- A secondary market for promissory notes exists because some investors don't want to wait for the time period on the note to be repaid. The note's owner may then re-sell the note at a discount off what the note is worth when it is satisfied. This allows the note seller to get cash immediately and avoid a possible non-payment because a home was foreclosed on or a business declared bankruptcy.
- Promissory notes can be found for a variety of transactions --- real estate notes, businesses notes, commercial notes or mobile home notes, to name a few. Each of these categories will also have subcategories. A home seller may be willing to do owner financing of a sale, which would then require a promissory note instead of a mortgage. A business may expand using capital from a promissory note instead of a bank loan.
- The terms of the note are set by between the primary buyer and seller. Large factors in the note or the determination of how much money the seller needs and how soon he believes it can be paid back. Such factors as good credit, value of property compared to value of note, desirability of the property and length of time for the note all contributed to setting the payback rate.
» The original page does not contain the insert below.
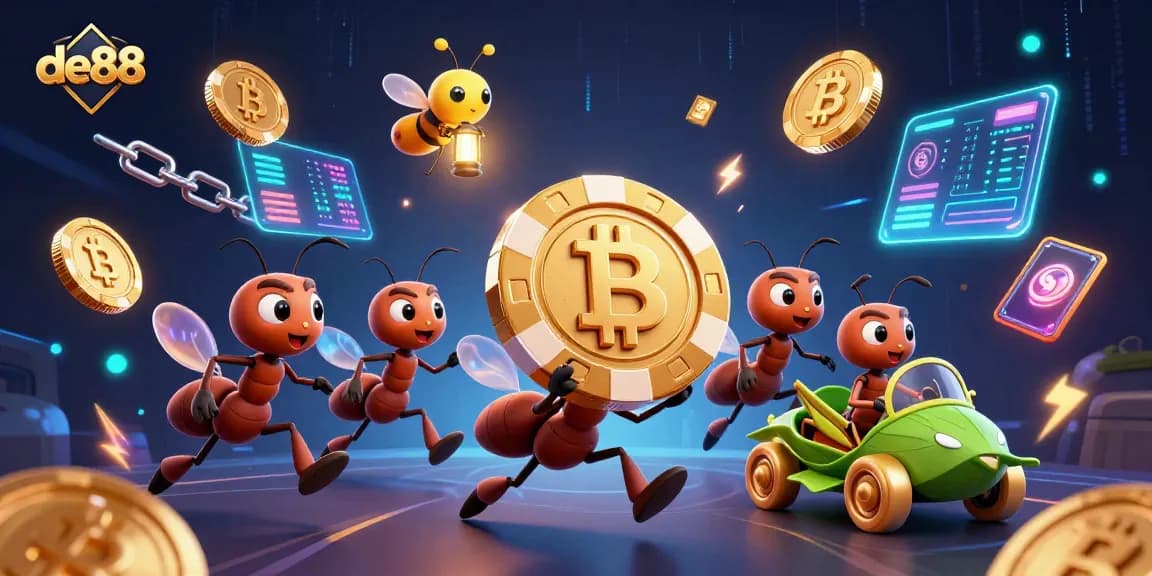 Join the heist at de88 with ants, golden poker chips, and vibrant crypto elements!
- While most transactions with a promissory note are legitimate, some scams are out there. The U.S. Security and Exchange Commission has advice to avoid such scams. Most notes are sold privately to knowledgeable buyers and not to the general public, particular if it is being offered through a cold call sale. Check to see if the investment is registered with the SEC. Beware if you are told that the note is not a security. Notes offered should be registered securities if they are legitimate. Check the seller's license or any guarantee offered with the note by calling your state insurance commissioner.